Petra Bentkämper, Präsidentin des DLV, erklärte, dass die Zukunft in den ländlichen Räumen davon abhänge, ob junge Frauen Zukunftsperspektiven bekämen. Sie ständen für „Vielfalt, Visionen, Verständigung. Das Ziel müsse daher sein, jeder Frau möglichst attraktive Perspektiven in der Landwirtschaft zu geben. Frauen müsse freigestellt sein, welche Aufgaben sie auf den Höfen übernehmen möchten, ob Trecker oder Haushalt. Juliane Vees, Vize-Präsidentin des DLV, ergänzt: „Frauen sollen sich aus dem in der Landwirtschaft häufig vorherrschenden traditionellen Rollenbild befreien können.“
Zugangsbarrieren für Frauen
Strukturelle Hindernisse, wie veraltete Geschlechterrollen und traditionelle Vererbungspraxen, erschweren Frauen die Hofübernahme und machen Existenzgründungen nahezu unmöglich. Frauen brauchen Mut und Selbstbewusstsein, um Höfe zu übernehmen. Dieser Mut muss auf die Höfe transportiert und politisch unterstützt werden.
Das Thema der finanziellen Absicherung wurde in den Vorträgen und Diskussionen immer wieder aufgegriffen. Die Beiträge der Landwirtschaftlichen Alterskasse können nur einen Teilbeitrag für die Altersvorsorge leisten. Ein großer Anteil der Frauen (26 Prozent) wisse schlicht nicht, wie sie nach dem Tod des Mannes oder bei einem Scheidungsfall abgesichert seien. 30 Prozent fühlten sich schlecht abgesichert. Anne Dirksen empfiehlt klare Regelungen zu treffen, um dem entgegenzuwirken, z. B. im Rahmen eines Ehevertrages. Für sie gilt der Grundsatz „Besser einen Tag unromantisch als später arm“, der im Laufe der Veranstaltung immer wieder aufgegriffen wurde.

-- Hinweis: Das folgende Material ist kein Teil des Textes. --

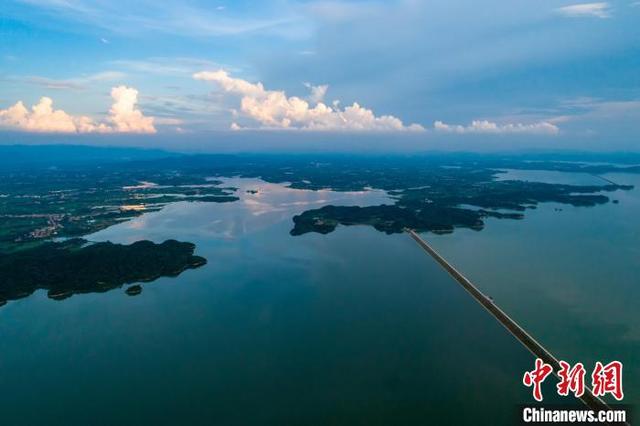 航拍盛夏鄱阳湖湖光山色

Die Parlamentarische Staatssekretärin Manuela Rottmann resümiert, es sei längst überfällig, genau hinzuschauen, aber das könne „nur der Anfang sein“. Der Kampf gegen das Patriarchat werde überall geführt, habe sich jedoch noch in keinem Bundesministerium niedergeschlagen.
Deshalb müssen wir als AbL den Kampf für gerechte Arbeitsteilung auch weiterhin auf den Höfen führen, uns vernetzen und die enorme Leistung von Frauen sichtbar machen. Ebenso muss die Politik auf Bundes- und Landesebene tätig werden und konkrete Programme für Frauen in der Landwirtschaft entwickeln und bei Gesetzesvorhaben berücksichtigen. Baden-Württemberg zeigt, dass es möglich ist. Hier gibt es ein spezielles Innovationsprogramm, das explizit Frauen fördert und damit vor allem junge Frauen zu Hofübernahmen ermutigt.